Last night a small group of Whatsonstage.com theatregoers made their way to the Young Vic for our Group Outing to The Beauty Queen of Leenane. This dark comedy returns following a successful run last year and with Rosaleen Linehan at the helm once more as controlling mother Mag, the production is as upsetting as it is humorous.

Passing into the auditorium we all got a little wet with the “rain” that drizzles down the temporary side-walls and over the doors. Not only does the dripping of the rain create a mood for the piece, placing you in the heart of Gallway from the start but, as one theatregoer mentioned at interval, it helps to provide the very powerful scent of damp that pervades the piece.
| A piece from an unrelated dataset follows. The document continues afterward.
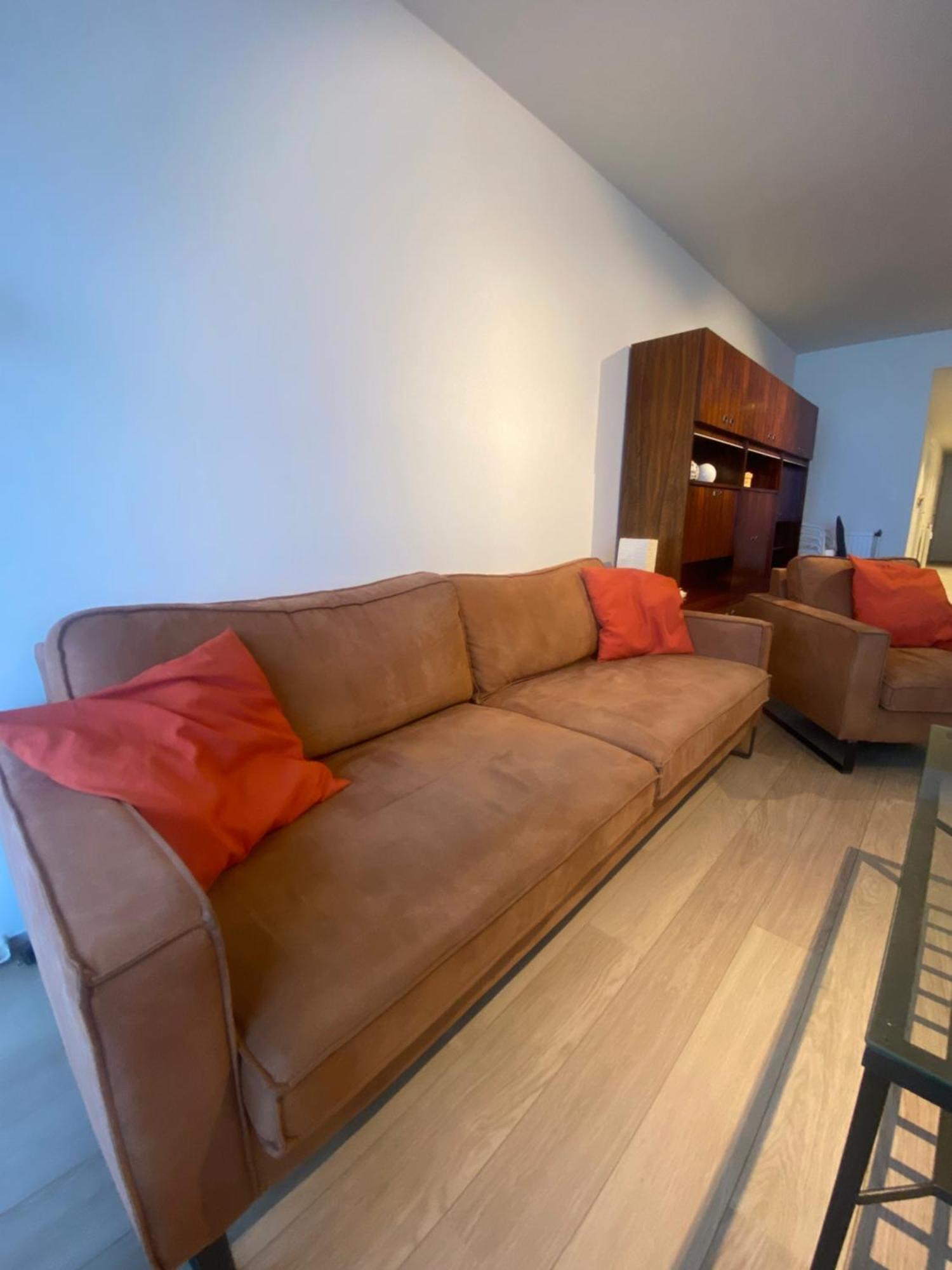 Appartement Beautiful 2-bedroom On The 8th Floor With Direct Sea View T44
And the closeness of the space and oppression of the rain compound the tensions within the play – confinement, fear, desire to escape – all are trapped by the beautiful stage and the power of what is said and unsaid in this superbly crafted script.

A seemingly simple story of a manipulative mother Mag and her spinster daughter, the lonely Maureen (Derbhle Crotty) who longs for the romance that will spirit her away, grows progressively darker and more complex as the power play between mother and daughter intensifies. Both Crotty and Linehan play their parts with a sincerity which is terrifying in such a dark piece and when asked at the Q&A whether they saw any good at the heart of their character, both agreed that they’d had to work hard to truly understand the character’s motivations but believed they could.

Meanwhile Frank Laverty and Johnny Ward confirmed that even in a play about mother-daughter relationships they, as the only men, didn’t feel secondary in their roles, but rather felt that they brought the only real sense of an outside world to the claustrophobic chaos of Mag and Maureen. Beyond talking about their own roles all four actors were happy to talk about their Irish roots and how those have helped their experience of the piece as well as their trip to Gallway and how reactions to the play have differed in London, Ireland and around the UK.